I did keep him at arm's length in that I wanted time to know him.. Back to what you are saying & I think this also maybe comes with loss? That one realizes IF they want to be, "healthy," it is hard work, not in latching onto one person but doing the work of healing on many levels.
The Psychopaths seem to? just keep latching onto someone else. He left me, sleeps around (but calls himself Christian?), goes back to his ex prior to me, I think she allows the dysfunction / they seem to live a very chaotic life, drinking, smoking pot, etc. To me? it's nuts.. Plus he was married to me, then goes back to another ex?
I hear you/ but it's not total that I have let go of it yet Starry.. I still don't have the support yet to really heal/ it's been a few yrs of legal b.s.
I do not think I can save him, I'm well aware my plate is full NOW & as to finger pointing, anger, etc.. I choose who gets real close to me.. I am not in a position to be with another man right now till I work on /heal my own situation & get that well rounded life back.
There are some things that are in place/but still more changes to where I can get connected as I am needing..
I do hear you.. it's SERIOUS to take someone's life/ turn it upside down/ laugh at them & then latch onto someone else in a continual ego/victim charade...
anyways.. Happy Thanksgiving. I know my own self/ I have to think of GOD/ Loving always
& believing that the reparation of/ is in HIS HANDS.
I do think it shocked him that I wasn't like some women he has been with who put up with his crap.. I did love him, I was commited but I also expected him to do his part..he would have none of that/ he blocked the love/ & would run. it's who he is.. yes. I get that.

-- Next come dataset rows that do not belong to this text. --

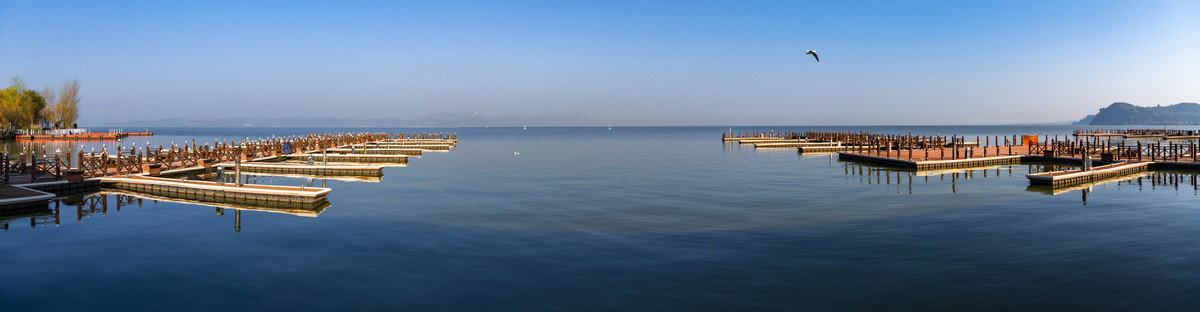 滇池大码头湿地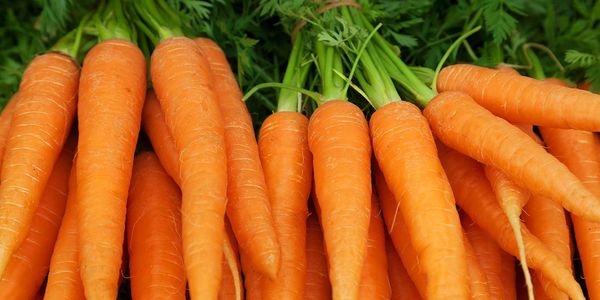 Fresh Carrots from 몰도바 supplied by Mialex-Nord SRL - Apricot - Armenian Plum (=Ansu=Siberian=Tibetan) 신선 당근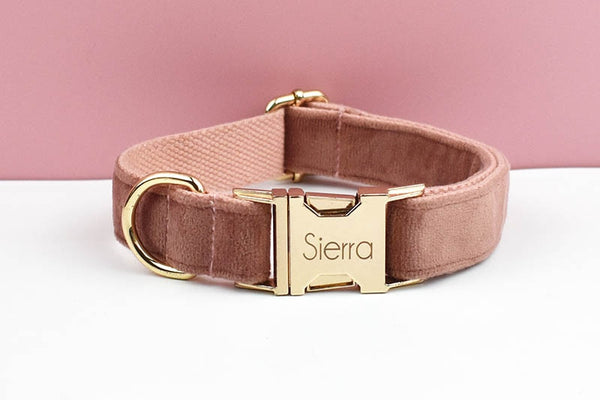 PERSONALIZZABILE - SET PETTORINA PER CANI IN VELLUTO NOCCIOLA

God Will Heal the wounds, the binding is in HIS LOVE & in HIS TIMING.
I leave it in HIS HANDS.
still longer yet on my healing journey...
... starry, It sounds like you have come a long way too. I hear your words as realistic. I think it is important to see one's parent in a well balanced sense.. what you write it sounds like you do/ you see that your dad did have assets/ but that he abused these with others. The Psychopaths often are of very high IQ but their emotional IQ is very low, they do not know how to function properly in society with relationships.
In healthy famlies there are boundaries, love with expectations, just as God Deals with us.
It's So important to have boundaries.. it seems that this part is just not in them.
It's all or nothing. They crave to attach themselves but it's the endless cycle of relationships/affairs/marriages..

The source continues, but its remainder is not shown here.